I don't think it's only humans. All kinds of animals would benefit from knowing that awhoo comes from a wolf and that, in this example, awhoo awhoo is the same sound coming from the same wolf or that an animal recognizes that the first awhoo comes from one wolf and the second awhoo from another wolf.
It also helps for an animal to know the volume of these awhoos as it is a good proxy for closeness, and therefore danger. It's even a good thing to know the rhythm of these awhoos as it helps again to assess if these wolves, or wolf, is on the move while awhooing or on the move between awhoos.
And this is just one example I'm currently making up bit at least makes sense that for many animals: tempo, volume, rhythm, patterns in sound, it's needed for survival. So evolution will select for it.
Music is a lot more than just those things I think, but it at least shows some evolutionary backbone as to why I believe that more animals have been evolved to like music. At least, some elephants sure seem to enjoy a good piano [1].

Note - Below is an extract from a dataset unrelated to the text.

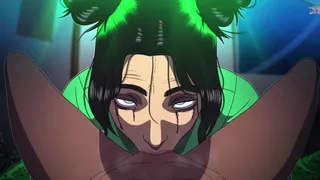 Billie Eilish Deepthroats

Musical appreciation is almost shockingly absent from animals.
One possible reason is that allowing one’s nervous system to be entrained to external rhythms is potentially exploitable. So humans may have evolved the ability to “let the guard down.”
This is pretty fascinating, do you have anything else to say about it? Makes me think of mesmerism and snake-charmers, although IDK how real that is.
Another thing that comes to mind is recent pop-sci talking about how individual bees can measure time pretty accurately, which I personally found very surprising, even though I've heard that they "dance" for communication.
Rhythm appreciation is neurologically very interesting since it requires several basic abilities acting at once, including tracking time, but also a certain amount of memory and pattern recognition. Animal appreciation of melodic stuff and harmony is interesting too but seems much harder to study and more dependent on physical aspects of ears
I have a theory for this, but I don't know how I'd test for it (and I don't work in the field).
We have a time window within which audio stimulae are interpreted as being "the same sound". When you hear two impulses outside that window, they seem to be different sounds. You can play with this by looping two similar or copies of a sound and then varying their offset a few ms either way. They'll move in and out of seeming like the same and different sounds, and around the crossover point you get ringing effects (especially if there's more than two copies, such as with tight echoes).
To me, this seems like a fundamental part of music interpretation. Not the core, but very significant.
Also, different species have different time perceptions. (I mean, I'm kinda guessing, but they all have different heart rate ranges, attention spans, brain wave frequency ranges etc, all of which imply to me a varience in time perception). Our music makes sense against our time perception; we're quite sensitive to it... raise the bmp of a track by just 2 or 3 and it feels quite different. Change from 50% swing to 53% (or 52 if you're really sensitive) and your sense of the groove changes meaningfully. Pass all that through the "different perception of time" and it's easy to imagine our music means nothing to other species.
It also seems likely to me that:
a) most species have different sized windows
b) they perceive blends of frequencies quite differently depending on the window length
So, what seems like coherent, organised sound with a "story" or "meaning" or "structure" to us, probably becomes mush to most other species.
Then note that the different frequency ranges in which animals hear, the different ways their ears focus sound... etc. Us humans are creating organised sound around the biology of our auditory system; the perception of organisation is likely very different for most other species.
Just the difference between boom and bap, boom ... bap... boom... bap... tells us "something". but it's gonna tell you something different if you hear it as ttppssssss daaaaapppp ttpppssssss ddaaappppp.
> All kinds of animals would benefit from knowing that awhoo comes from a wolf and that, in this example, awhoo awhoo is the same sound coming from the same wolf or that an animal recognizes that the first awhoo comes from one wolf and the second awhoo from another wolf.
Interesting choice of example. Dog howls are apparently intentionally off-key.
The goal of the basic choir is to sound like one voice in perfect harmony.
The goal of a pack howling over long distances is apparently to communicate that every member of the pack is present - so each voice is out of harmony with the rest.
It also helps for an animal to know the volume of these awhoos as it is a good proxy for closeness, and therefore danger. It's even a good thing to know the rhythm of these awhoos as it helps again to assess if these wolves, or wolf, is on the move while awhooing or on the move between awhoos.
And this is just one example I'm currently making up bit at least makes sense that for many animals: tempo, volume, rhythm, patterns in sound, it's needed for survival. So evolution will select for it.
Music is a lot more than just those things I think, but it at least shows some evolutionary backbone as to why I believe that more animals have been evolved to like music. At least, some elephants sure seem to enjoy a good piano [1].